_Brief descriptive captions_

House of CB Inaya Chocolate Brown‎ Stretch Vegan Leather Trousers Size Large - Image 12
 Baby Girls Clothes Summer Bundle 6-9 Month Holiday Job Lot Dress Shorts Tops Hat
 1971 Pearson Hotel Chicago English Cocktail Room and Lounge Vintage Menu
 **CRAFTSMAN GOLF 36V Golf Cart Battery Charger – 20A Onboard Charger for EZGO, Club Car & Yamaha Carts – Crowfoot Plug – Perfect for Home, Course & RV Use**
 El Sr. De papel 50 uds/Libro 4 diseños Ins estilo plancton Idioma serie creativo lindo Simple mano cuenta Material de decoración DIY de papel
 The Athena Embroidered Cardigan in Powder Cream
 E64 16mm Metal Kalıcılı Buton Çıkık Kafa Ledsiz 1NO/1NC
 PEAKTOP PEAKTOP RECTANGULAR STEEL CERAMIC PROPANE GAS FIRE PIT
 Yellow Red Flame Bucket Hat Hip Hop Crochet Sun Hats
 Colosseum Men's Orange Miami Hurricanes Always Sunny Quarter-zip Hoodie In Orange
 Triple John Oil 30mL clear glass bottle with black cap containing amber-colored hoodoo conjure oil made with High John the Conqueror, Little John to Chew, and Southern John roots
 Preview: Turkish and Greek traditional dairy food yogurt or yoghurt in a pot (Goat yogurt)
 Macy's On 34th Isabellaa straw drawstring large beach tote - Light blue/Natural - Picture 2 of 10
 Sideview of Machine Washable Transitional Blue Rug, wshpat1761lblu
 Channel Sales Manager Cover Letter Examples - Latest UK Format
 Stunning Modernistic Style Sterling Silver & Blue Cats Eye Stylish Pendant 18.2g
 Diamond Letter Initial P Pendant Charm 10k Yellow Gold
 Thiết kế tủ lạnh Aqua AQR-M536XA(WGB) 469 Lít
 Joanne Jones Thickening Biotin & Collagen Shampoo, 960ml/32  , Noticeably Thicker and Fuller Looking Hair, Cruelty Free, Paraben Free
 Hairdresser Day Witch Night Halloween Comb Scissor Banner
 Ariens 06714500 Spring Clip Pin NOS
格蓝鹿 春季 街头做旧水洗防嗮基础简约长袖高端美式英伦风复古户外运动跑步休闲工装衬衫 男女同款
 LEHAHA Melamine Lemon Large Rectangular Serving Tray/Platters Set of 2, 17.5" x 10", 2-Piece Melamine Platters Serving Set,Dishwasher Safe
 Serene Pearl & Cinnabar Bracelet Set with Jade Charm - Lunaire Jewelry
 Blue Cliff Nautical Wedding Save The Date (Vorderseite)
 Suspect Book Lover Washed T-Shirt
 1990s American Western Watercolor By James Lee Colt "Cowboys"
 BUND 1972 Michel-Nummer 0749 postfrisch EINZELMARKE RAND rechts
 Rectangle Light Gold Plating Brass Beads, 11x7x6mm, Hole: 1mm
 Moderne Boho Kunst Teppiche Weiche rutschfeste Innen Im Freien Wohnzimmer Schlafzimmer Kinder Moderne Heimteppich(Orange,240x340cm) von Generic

_Exercise aim_
The records above should be transcribed in full, with no differences.

_Written solution_
House of CB Inaya Chocolate Brown‎ Stretch Vegan Leather Trousers Size Large - Image 12
 Baby Girls Clothes Summer Bundle 6-9 Month Holiday Job Lot Dress Shorts Tops Hat
 1971 Pearson Hotel Chicago English Cocktail Room and Lounge Vintage Menu
 **CRAFTSMAN GOLF 36V Golf Cart Battery Charger – 20A Onboard Charger for EZGO, Club Car & Yamaha Carts – Crowfoot Plug – Perfect for Home, Course & RV Use**
 El Sr. De papel 50 uds/Libro 4 diseños Ins estilo plancton Idioma serie creativo lindo Simple mano cuenta Material de decoración DIY de papel
 The Athena Embroidered Cardigan in Powder Cream
 E64 16mm Metal Kalıcılı Buton Çıkık Kafa Ledsiz 1NO/1NC
 PEAKTOP PEAKTOP RECTANGULAR STEEL CERAMIC PROPANE GAS FIRE PIT
 Yellow Red Flame Bucket Hat Hip Hop Crochet Sun Hats
 Colosseum Men's Orange Miami Hurricanes Always Sunny Quarter-zip Hoodie In Orange
 Triple John Oil 30mL clear glass bottle with black cap containing amber-colored hoodoo conjure oil made with High John the Conqueror, Little John to Chew, and Southern John roots
 Preview: Turkish and Greek traditional dairy food yogurt or yoghurt in a pot (Goat yogurt)
 Macy's On 34th Isabellaa straw drawstring large beach tote - Light blue/Natural - Picture 2 of 10
 Sideview of Machine Washable Transitional Blue Rug, wshpat1761lblu
 Channel Sales Manager Cover Letter Examples - Latest UK Format
 Stunning Modernistic Style Sterling Silver & Blue Cats Eye Stylish Pendant 18.2g
 Diamond Letter Initial P Pendant Charm 10k Yellow Gold
 Thiết kế tủ lạnh Aqua AQR-M536XA(WGB) 469 Lít
 Joanne Jones Thickening Biotin & Collagen Shampoo, 960ml/32  , Noticeably Thicker and Fuller Looking Hair, Cruelty Free, Paraben Free
 Hairdresser Day Witch Night Halloween Comb Scissor Banner
 Ariens 06714500 Spring Clip Pin NOS
格蓝鹿 春季 街头做旧水洗防嗮基础简约长袖高端美式英伦风复古户外运动跑步休闲工装衬衫 男女同款
 LEHAHA Melamine Lemon Large Rectangular Serving Tray/Platters Set of 2, 17.5" x 10", 2-Piece Melamine Platters Serving Set,Dishwasher Safe
 Serene Pearl & Cinnabar Bracelet Set with Jade Charm - Lunaire Jewelry
 Blue Cliff Nautical Wedding Save The Date (Vorderseite)
 Suspect Book Lover Washed T-Shirt
 1990s American Western Watercolor By James Lee Colt "Cowboys"
 BUND 1972 Michel-Nummer 0749 postfrisch EINZELMARKE RAND rechts
 Rectangle Light Gold Plating Brass Beads, 11x7x6mm, Hole: 1mm
 Moderne Boho Kunst Teppiche Weiche rutschfeste Innen Im Freien Wohnzimmer Schlafzimmer Kinder Moderne Heimteppich(Orange,240x340cm) von Generic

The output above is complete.